The controller 34 includes at least one processor 44 and a computer readable storage device or media 46. The processor 44 can be any custom made or commercially available processor, a central processing unit (CPU), a graphics processing unit (GPU), an auxiliary processor among several processors associated with the controller 34, a semiconductor based microprocessor (in the form of a microchip or chip set), a macroprocessor, any combination thereof, or generally any device for executing instructions. The computer readable storage device or media 46 may include volatile and nonvolatile storage in read-only memory (ROM), random-access memory (RAM), and keep-alive memory (KAM), for example. KAM is a persistent or non-volatile memory that may be used to store various operating variables while the processor 44 is powered down. The computer-readable storage device or media 46 may be implemented using any of a number of known memory devices such as PROMs (programmable read-only memory), EPROMs (electrically PROM), EEPROMs (electrically erasable PROM), flash memory, or any other electric, magnetic, optical, or combination memory devices capable of storing data, some of which represent executable instructions, used by the controller 34 in controlling the autonomous vehicle 10.

The instructions may include one or more separate programs, each of which comprises an ordered listing of executable instructions for implementing logical functions. The instructions, when executed by the processor 44, receive and process signals from the sensor system 28, perform logic, calculations, methods and/or algorithms for automatically controlling the components of the autonomous vehicle 10, and generate control signals to the actuator system 30 to automatically control the components of the autonomous vehicle 10 based on the logic, calculations, methods, and/or algorithms. Although only one controller 34 is shown in FIG. 1, embodiments of the autonomous vehicle 10 can include any number of controllers 34 that communicate over any suitable communication medium or a combination of communication mediums and that cooperate to process the sensor signals, perform logic, calculations, methods, and/or algorithms, and generate control signals to automatically control features of the autonomous vehicle 10.

In various embodiments, one or more instructions of the controller 34 are embodied in the trajectory planning system 100 and, when executed by the processor 44, generates a trajectory output that addresses kinematic and dynamic constraints of the environment. For example, the instructions receive process signals and map data as input. The instructions perform a graph-based approach with a customized cost function to handle different road scenarios in both urban and highway roads.
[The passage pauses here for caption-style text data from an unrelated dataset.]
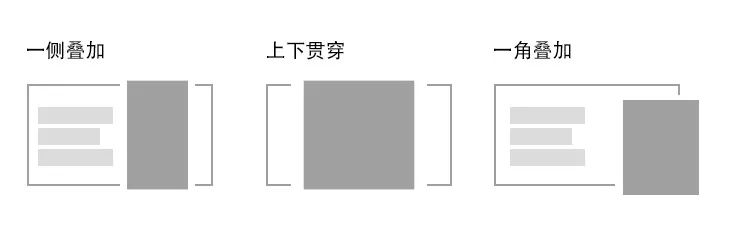þl׌Banner <a href=http://www.dekaron.com.cn/ target=_blank class=infotextkey>O(sh)Ӌ</a>У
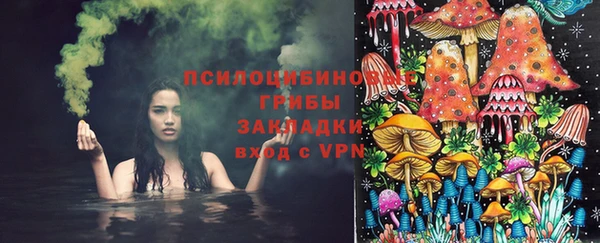 гашишное масло Алексеевка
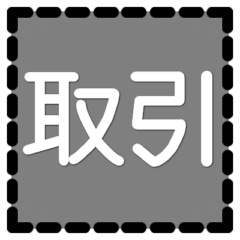 [LINEスタンプ] 取引用＊スタンプ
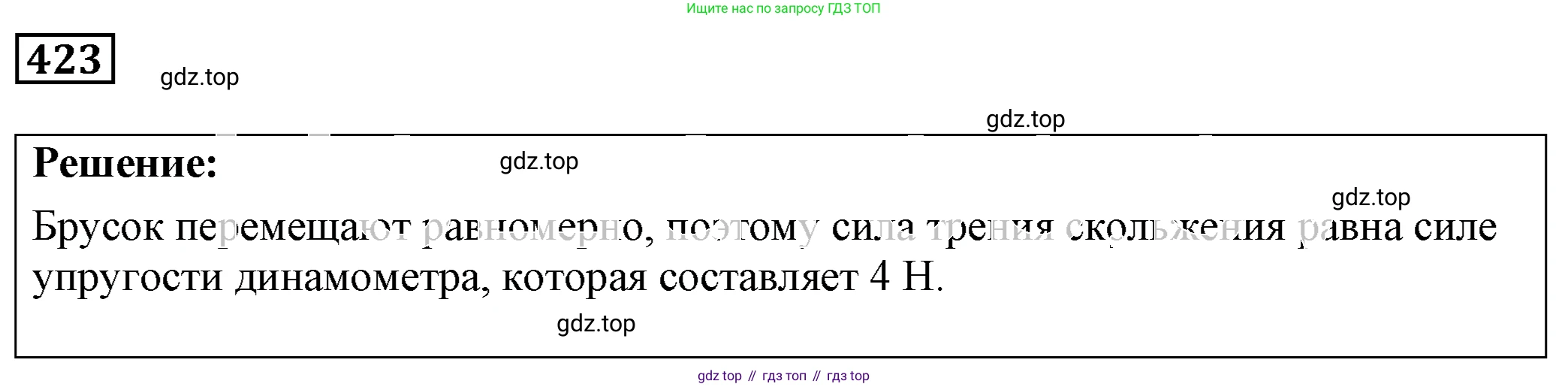 ГДЗ Физика, 7-9 класс Сборник задач, авторы: Лукашик Владимир Иванович, Иванова Елена Владимировна, издательство Просвещение, Москва, 2021, голубого цвета, страница 62, номер 18.25, Решение 4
The communication system 36 is configured to wirelessly communicate information to and from other entities 48, such as but not limited to, other vehicles (“V2V” communication,) infrastructure (“V2I” communication), remote systems, and/or personal devices (described in more detail with regard to FIG. 2). In an exemplary embodiment, the communication system 36 is a wireless communication system configured to communicate via a wireless local area network (WLAN) using IEEE 802.11 standards or by using cellular data communication. However, additional or alternate communication methods, such as a dedicated short-range communications (DSRC) channel, are also considered within the scope of the present disclosure. DSRC channels refer to one-way or two-way short-range to medium-range wireless communication channels specifically designed for automotive use and a corresponding set of protocols and standards.
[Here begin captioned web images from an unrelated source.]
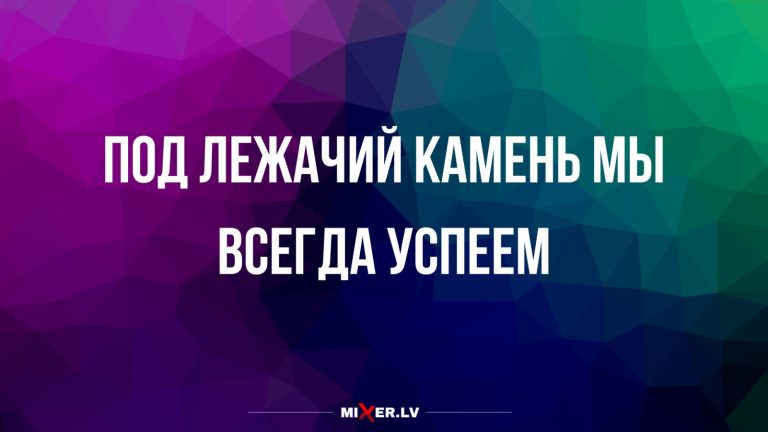 Юмор за день и лежачий камень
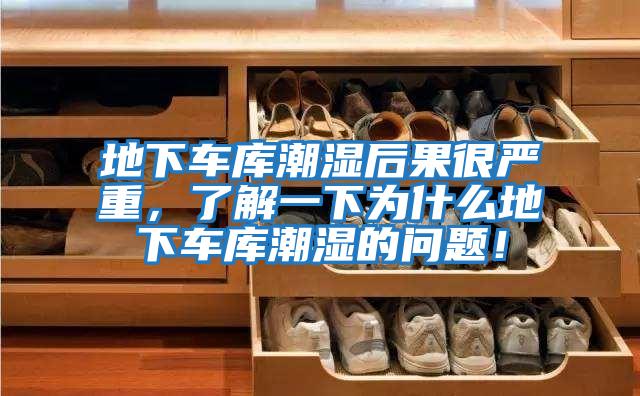 地下車(chē)庫潮濕后果很?chē)乐?，了解一下為什么地下?chē)庫潮濕的問(wèn)題！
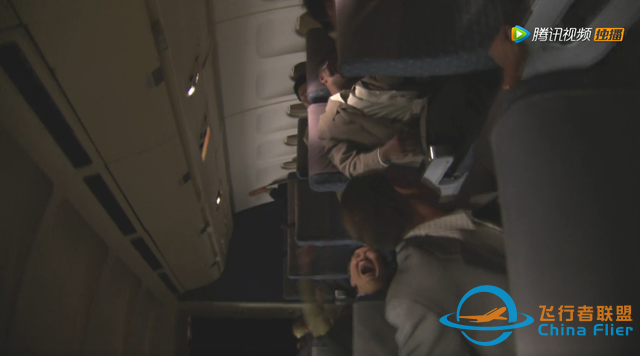 揭開波音737缺陷的意外，回顧東風航空517航班6.9里士滿空中險情-89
The autonomous vehicle 10 includes a system for autonomous navigation through a selected road scenario or a selected traffic scenario over a road section. The system operates and trains a neural network to drive with respect to a plurality of traffic scenarios, road scenarios, etc., and then uses the trained neural network to drive in actual road and traffic scenarios. The training method includes collecting training data for a desired human-like driving in different road scenarios and generating a search graph based on inputs to a trajectory planning system 100. A cost function is defined for the search graph which defines the cost value for each trajectory to traverse the search graph from a starting point of the search graph to an ending point of the search graph. The cost function includes different cost components which are pre-defined and different cost coefficients which specify the weights for each cost component. A cost component can be an assigned or calculated energy cost or energy expense of the vehicle for a having collision with other objects on the road, or an assigned or calculated energy cost or energy expense for steering, switching lanes, changing speed, etc. A desired trajectory of the vehicle in collected training data is then used to find the corresponding cost function coefficients that result in a minimum-cost trajectory or substantially minimum-cost trajectory which is close to the desired trajectory as determined through the graph search. The values of the coefficients can then be stored in a database and used for training the deep neural network. In an actual driving situations, the system can recognize an actual traffic scenario that matches or substantially matches the training traffic scenario and calculates the proper coefficients to construct a trajectory for detected traffic scenario and navigate the vehicle along the constructed trajectory.

FIG. 2 shows a top view 200 of an illustrative traffic scenario that can be encountered by a host vehicle or can be used as a training scenario. The top view 200 shows a host vehicle (HV) 204 driving along a center lane of a three-lane road 202 at 35 kilometers per hour (km/h). The three-lane road 202 includes a left lane 202a, the central lane 202b, and a right lane 202c. The HV 204 is at a left-most side of the page. Several remote objects are also on the road 202 and provide obstacles for the host vehicle 204 to reach its destination, e.g., the right-most side of the page. In particular, target vehicle 1 (TV1) is in the center lane 202b and is traveling at zero km/h (stationary), target vehicle 2 (TV2) is in the left land 202a and is traveling at zero km/h (stationary), and target vehicle 3 (TV3) is in the right lane 202c and is traveling at 35 km/h.

HV 204 can consider various trajectories (T1, T2, T3) in order to navigate the three-lane road 202. However, the selection of which trajectory to take depends on traffic conditions and a cost or expense associated with the trajectory for the given traffic condition. A cost or energy expense associated with a trajectory can be based on several elements, such as road conditions, traffic conditions, etc. For example, an energy expense may be incurred by changing lanes, or by the need to steer the vehicle. Additionally, an energy expense may be incurred by continuing along a trajectory that brings the host vehicle 204 into contact with any target vehicle or that drives the vehicle off the road.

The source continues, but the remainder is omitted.